Opinions are needed on the following matter: Wikipedia talk:Manual of Style/Lead section#Request for comment on parenthetical information in first sentence. A WP:Permalink for it is here. Flyer22 Reborn (talk) 04:47, 2 July 2017 (UTC)

Editorial control?[edit]

From WP:BLPSPS: "Some news organizations host online columns that they call blogs, and these may be acceptable as sources so long as the writers are professionals and the blog is subject to the newspaper's full editorial control." How exactly can it be determined whether the hosting news organization has "full editorial control"? Does The Washington Post have full editorial control over The Monkey Cage blog or Wonkblog? What about Paul Krugman's or Frank Bruni's blog at the NYTimes?

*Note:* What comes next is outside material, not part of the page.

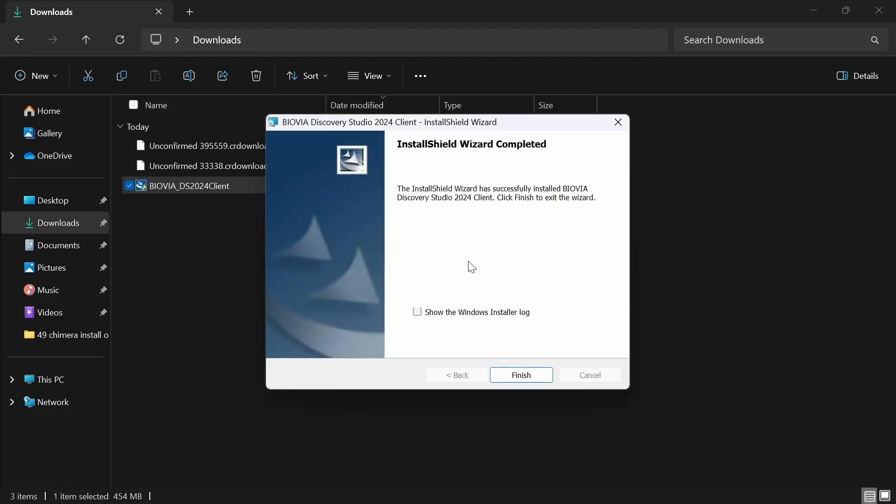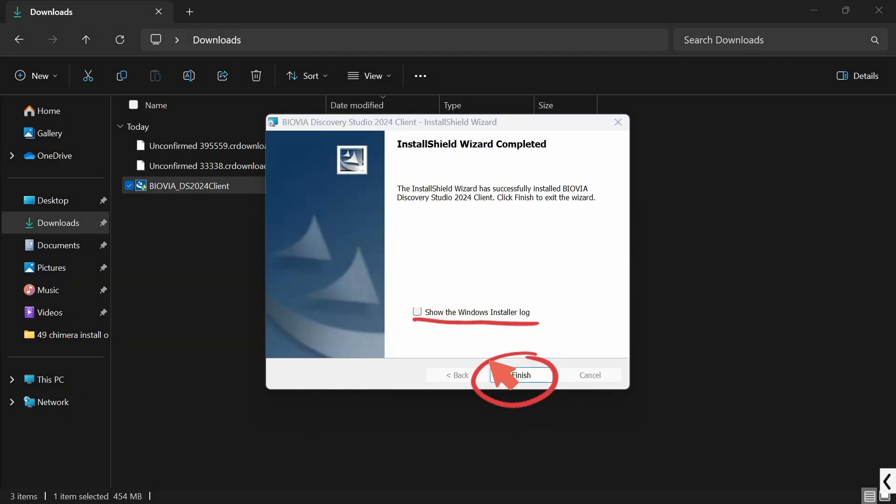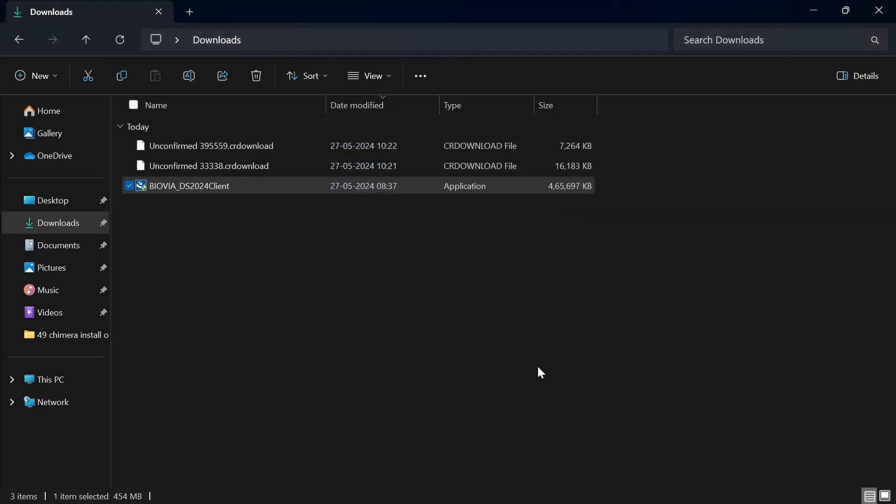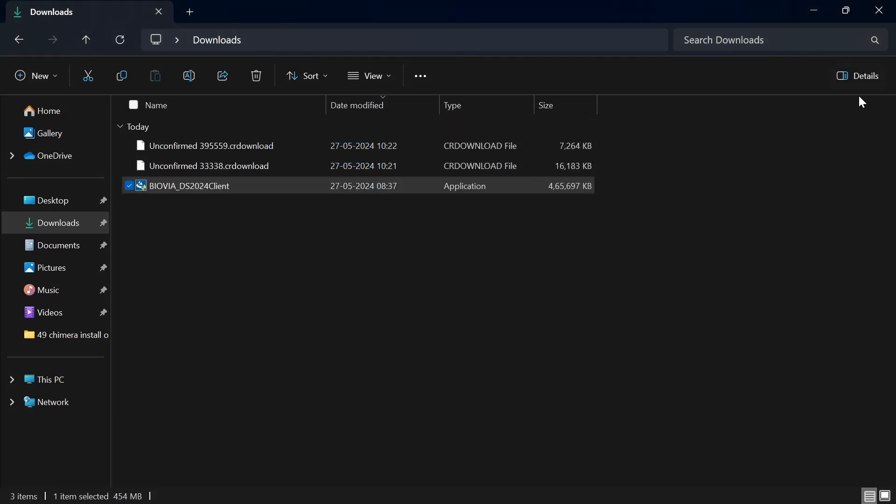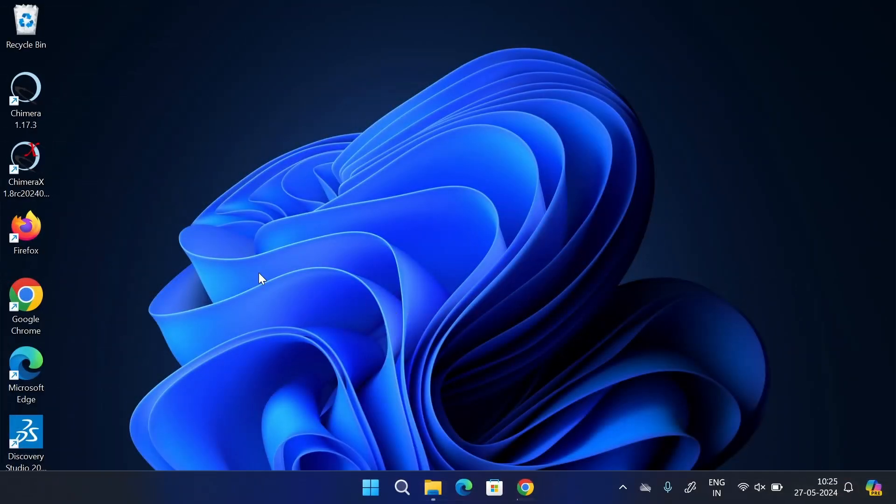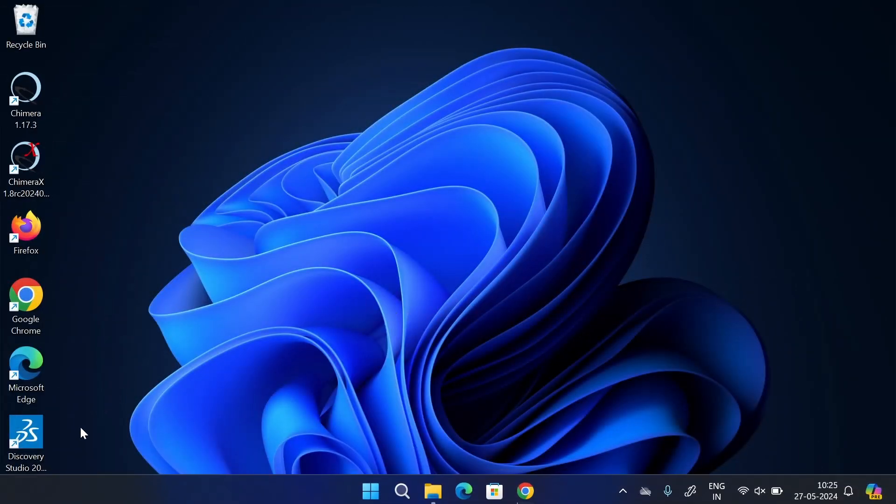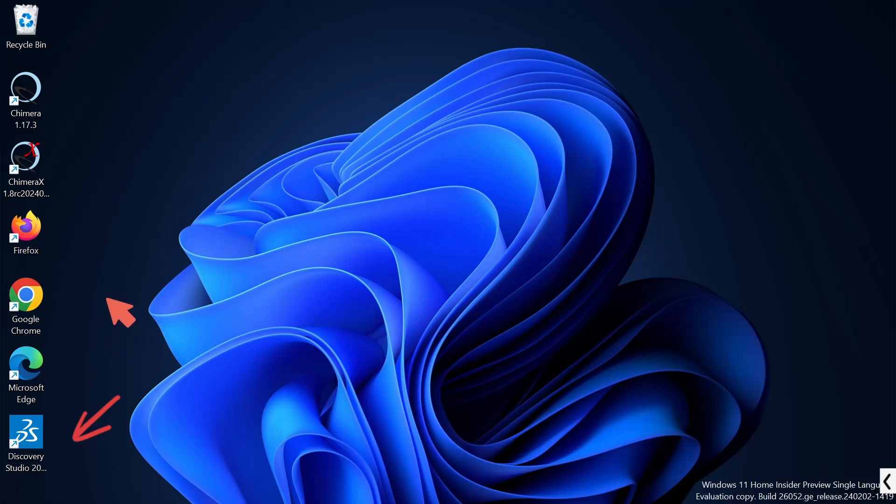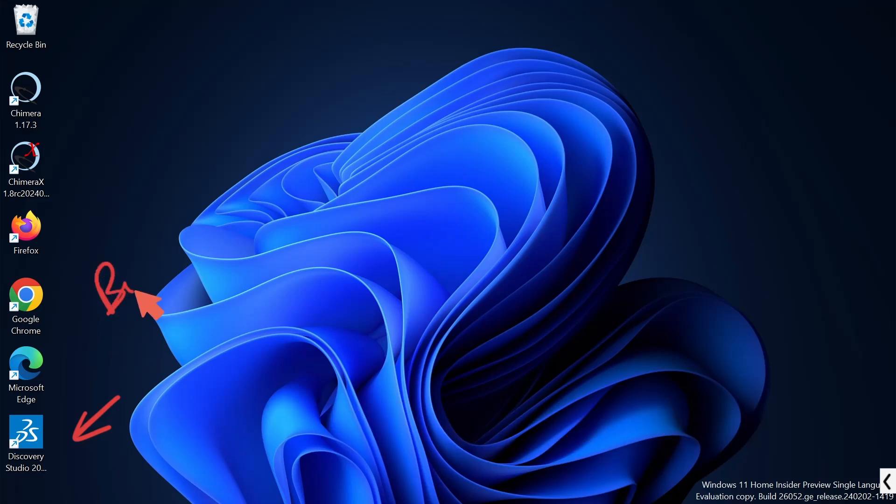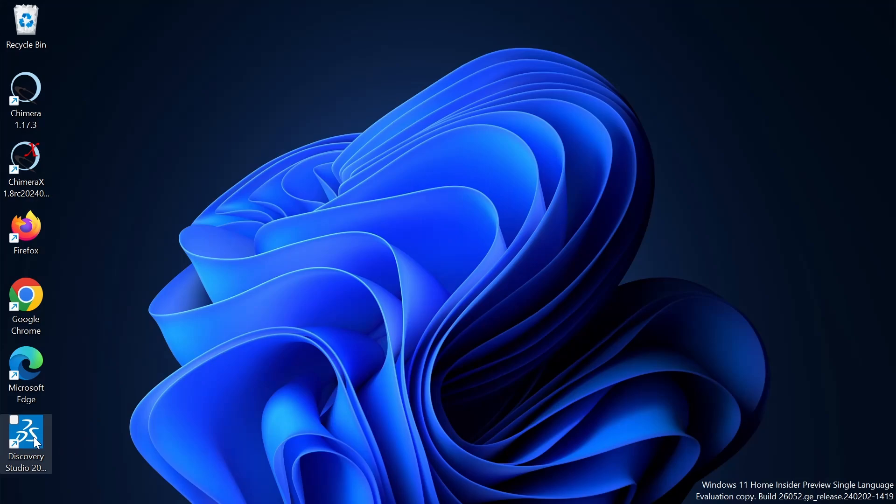After the installation is completed, you will be provided with this dialog box. Just click on finish. So that's all, the installation is completed. Open your desktop. Here, this is the shortcut for your Biovia Discovery Studio Visualizer. Just double click on this shortcut to open the software.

Which of these NYTimes blogs count as 'full editorial control'? The fact that a reputable RS hosts a blog indicates that the organization vouches for the general accuracy and quality of the material there and would be legally liable if the blog libels a BLP. I suggest changing the sentence to "Some news organizations host online columns that they call blogs, and these may be acceptable as sources so long as the writers are professionals or notable experts." (talk) 02:26, 8 July 2017 (UTC)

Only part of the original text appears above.